● Dataset excerpt:
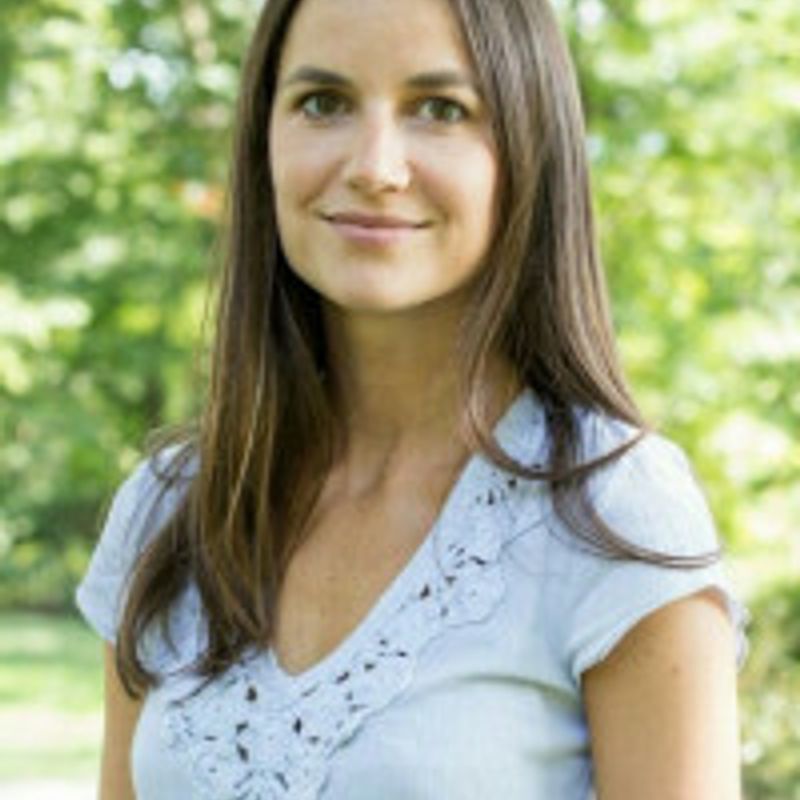 Carola Lovering profile picture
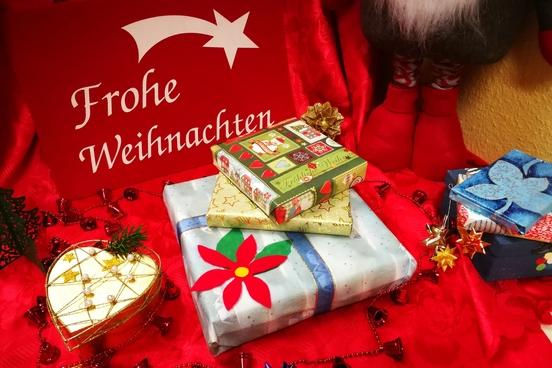 ein weihnachtlicher Geschenketisch mit Päckchen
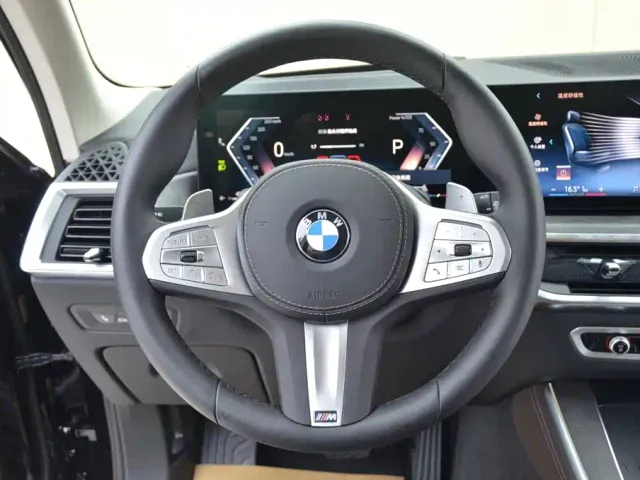 BMW X5 — Фото автомобиля 10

● Task brief:
Everything in the listing except the pictures must come back exactly as written.

● Written answer:
 Carola Lovering profile picture
 ein weihnachtlicher Geschenketisch mit Päckchen
 BMW X5 — Фото автомобиля 10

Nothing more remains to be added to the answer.